# Vivian "Granny Kath's" Kitchen Book info wanted



## cowseatmaize (Jun 4, 2014)

I've been going over some old "Bottle News" magazines and know she published her articles in book form but I'm wondering if there is an index and if it mentions specific jars, which  magazine,  month, etc..It's a rare book, that I know, and I cant afford it if one goes online but there are way more that a few unlisted jars discussed in much greater detail than RB, some maybe more than Alice put in her book(s).Does anyone have one, specifically Vol 1 covering the 70's?Thanks, Eric


----------



## jimsears (Jun 4, 2014)

Most of the jars reported in _Granny Kath's Kitchen_ have been included in later editions of the _Red Book_.  Nonetheless, a copy of Granny's columns provides a huge amount of useful supplementary information.  Her husband Curtis compiled the columns into a set of books after she died, and he offered it as a pdf file in addition to the printed version.  It's the pdf you want because it is searchable as well as being a whole lot cheaper.  I think Curtis charged $20 for it.  I don't know if he is still around, but his address at the time was 16749 Old Locke Road, Mountainburg, Arkansas.  The Fruit Jar Annual lists his phone number as (501) 369-2358.  Why don't you see if he can send you the pdf?  Yes, I realize there are plenty of collectors who could just email you a copy, but it seems like Curtis ought to get his $20 if he is still around.

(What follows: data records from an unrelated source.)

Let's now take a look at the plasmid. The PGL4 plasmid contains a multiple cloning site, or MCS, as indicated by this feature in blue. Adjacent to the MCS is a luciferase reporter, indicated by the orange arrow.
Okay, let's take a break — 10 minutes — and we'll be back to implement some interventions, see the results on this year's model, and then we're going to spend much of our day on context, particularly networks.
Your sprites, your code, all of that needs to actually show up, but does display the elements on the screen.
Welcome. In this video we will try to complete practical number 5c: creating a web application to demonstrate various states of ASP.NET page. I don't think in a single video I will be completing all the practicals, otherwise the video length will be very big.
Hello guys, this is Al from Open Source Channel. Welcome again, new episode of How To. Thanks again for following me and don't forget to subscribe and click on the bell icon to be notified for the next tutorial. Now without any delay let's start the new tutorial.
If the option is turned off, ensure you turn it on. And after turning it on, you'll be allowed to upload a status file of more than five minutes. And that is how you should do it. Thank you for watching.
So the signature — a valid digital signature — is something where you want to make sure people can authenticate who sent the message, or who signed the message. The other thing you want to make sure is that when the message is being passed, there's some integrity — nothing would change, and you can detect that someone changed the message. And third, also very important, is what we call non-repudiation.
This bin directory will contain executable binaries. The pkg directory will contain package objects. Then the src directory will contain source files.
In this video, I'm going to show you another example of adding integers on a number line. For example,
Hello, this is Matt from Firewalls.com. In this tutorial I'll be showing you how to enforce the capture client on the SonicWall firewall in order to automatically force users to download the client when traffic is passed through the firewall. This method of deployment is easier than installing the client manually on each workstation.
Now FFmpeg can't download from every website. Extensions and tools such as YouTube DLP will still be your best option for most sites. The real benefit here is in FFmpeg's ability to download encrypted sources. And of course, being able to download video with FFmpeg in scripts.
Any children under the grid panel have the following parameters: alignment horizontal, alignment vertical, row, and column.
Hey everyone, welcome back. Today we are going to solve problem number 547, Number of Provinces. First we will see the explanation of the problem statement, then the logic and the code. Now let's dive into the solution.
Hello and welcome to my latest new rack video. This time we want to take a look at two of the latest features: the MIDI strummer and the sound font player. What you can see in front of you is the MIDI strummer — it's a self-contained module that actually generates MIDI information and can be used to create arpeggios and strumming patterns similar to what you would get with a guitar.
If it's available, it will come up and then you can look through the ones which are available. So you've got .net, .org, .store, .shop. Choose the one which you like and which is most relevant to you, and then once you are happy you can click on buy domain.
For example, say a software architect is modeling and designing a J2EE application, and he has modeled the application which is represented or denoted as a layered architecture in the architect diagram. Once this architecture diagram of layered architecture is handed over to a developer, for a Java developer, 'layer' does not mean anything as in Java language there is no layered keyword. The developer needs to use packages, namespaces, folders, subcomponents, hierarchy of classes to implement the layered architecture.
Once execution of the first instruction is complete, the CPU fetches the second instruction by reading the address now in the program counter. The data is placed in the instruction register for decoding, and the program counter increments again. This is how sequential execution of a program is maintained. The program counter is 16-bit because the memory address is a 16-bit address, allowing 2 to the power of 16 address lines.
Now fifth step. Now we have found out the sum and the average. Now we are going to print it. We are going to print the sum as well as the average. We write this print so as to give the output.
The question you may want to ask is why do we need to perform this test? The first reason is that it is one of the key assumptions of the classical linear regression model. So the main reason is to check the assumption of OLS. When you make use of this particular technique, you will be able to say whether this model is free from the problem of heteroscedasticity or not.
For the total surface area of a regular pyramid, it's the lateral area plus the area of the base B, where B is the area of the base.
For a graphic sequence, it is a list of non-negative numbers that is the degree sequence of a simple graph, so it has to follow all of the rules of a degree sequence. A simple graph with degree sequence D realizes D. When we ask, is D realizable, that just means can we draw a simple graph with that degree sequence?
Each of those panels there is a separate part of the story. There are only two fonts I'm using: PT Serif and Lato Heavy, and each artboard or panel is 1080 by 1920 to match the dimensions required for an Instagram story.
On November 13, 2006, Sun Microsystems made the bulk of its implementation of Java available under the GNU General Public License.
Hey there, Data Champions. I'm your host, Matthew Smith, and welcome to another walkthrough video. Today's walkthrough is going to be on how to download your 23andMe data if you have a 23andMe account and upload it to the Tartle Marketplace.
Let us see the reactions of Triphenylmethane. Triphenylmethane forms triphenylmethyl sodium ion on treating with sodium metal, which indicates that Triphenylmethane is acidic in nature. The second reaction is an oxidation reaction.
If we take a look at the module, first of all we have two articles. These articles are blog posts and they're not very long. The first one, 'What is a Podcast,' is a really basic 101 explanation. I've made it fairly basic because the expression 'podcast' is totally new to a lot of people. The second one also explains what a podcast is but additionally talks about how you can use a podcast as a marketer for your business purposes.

Jim Sears


----------



## cowseatmaize (Jun 4, 2014)

I'm not looking for a PDF anyway, I don't care for them much. It was more just for the index and what was included that I was interested in and only the 1970' volume. If it had what I was looking for I might buy that but I don't know if it does.With the few magazines I looked back at I saw 3 that never got in RB10. Maybe Fruit Jar Works Vol 2 has it but I only own Vol 1.One was a Stanmore that in RB10 is mentioned but the one in the article shows a Chutney as NSW, so Australasian. #2712-6 (perhaps because it's a product jar). Another was the OG Co that went into speculation on a couple possible makers but lists more than just the mark and Oleans NY at the make. There were a few others as well in the 3 months I looked at.As far as the contact info, I might try the phone for kicks but there are very few that have kept phone and address for the 10+ years that is still reported on the net. []Thanks, Eric


----------



## dygger60 (Jun 5, 2014)

Good point Eric


----------



## jargeezr (Jun 17, 2014)

I have all of Granny's books and the disk version. There is no index in either format. The best way to search the info is on the computer disk version with a "control F" search. It is imperfect, but possible.


----------



## cowseatmaize (Aug 15, 2014)

Thanks geezr. I know also that Vivian passed in 1999, not sure about Curtis. I chose to not try the phone or address because I have no idea when they were from but thanks Jim.This is post from Curtis 2008, maybe I'll try an email. All that can do is bounce back. From http://www.balljars.net/Comments2008.htm


kathatlocke@valuelinx.net Wed 6/25/2008 2:32 PM

Hi Bruce,

Let me introduce myself I am the husband of the author of "Granny Kath's Kitchen" the longest running jar column to date. Vivian died in 1999 and I'm in the process of selling our collection which was over 900 jars I still have 627 left, over 200 are Ball jars. The PDF file is a current list if you're interested in any or all contact me and we'll see what we can do.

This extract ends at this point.